Source material.
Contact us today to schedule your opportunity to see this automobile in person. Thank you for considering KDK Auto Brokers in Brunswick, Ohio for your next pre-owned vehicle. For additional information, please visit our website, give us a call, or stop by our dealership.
--
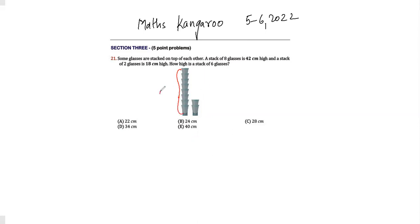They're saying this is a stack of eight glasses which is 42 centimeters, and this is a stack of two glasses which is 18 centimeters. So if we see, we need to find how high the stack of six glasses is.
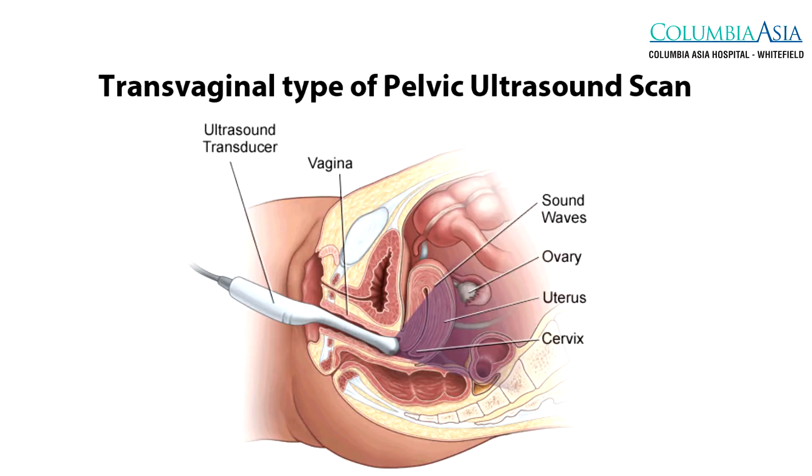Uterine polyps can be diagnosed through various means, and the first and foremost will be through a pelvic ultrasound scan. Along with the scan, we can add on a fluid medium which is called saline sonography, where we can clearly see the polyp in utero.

Exercise prompt. Using the records above, print exactly the run of lines that starts with the line with "They're saying this" and goes on through the line with "Uterine polyps can", pictures excluded.

Response to this exercise.
They're saying this is a stack of eight glasses which is 42 centimeters, and this is a stack of two glasses which is 18 centimeters. So if we see, we need to find how high the stack of six glasses is.
Uterine polyps can be diagnosed through various means, and the first and foremost will be through a pelvic ultrasound scan. Along with the scan, we can add on a fluid medium which is called saline sonography, where we can clearly see the polyp in utero.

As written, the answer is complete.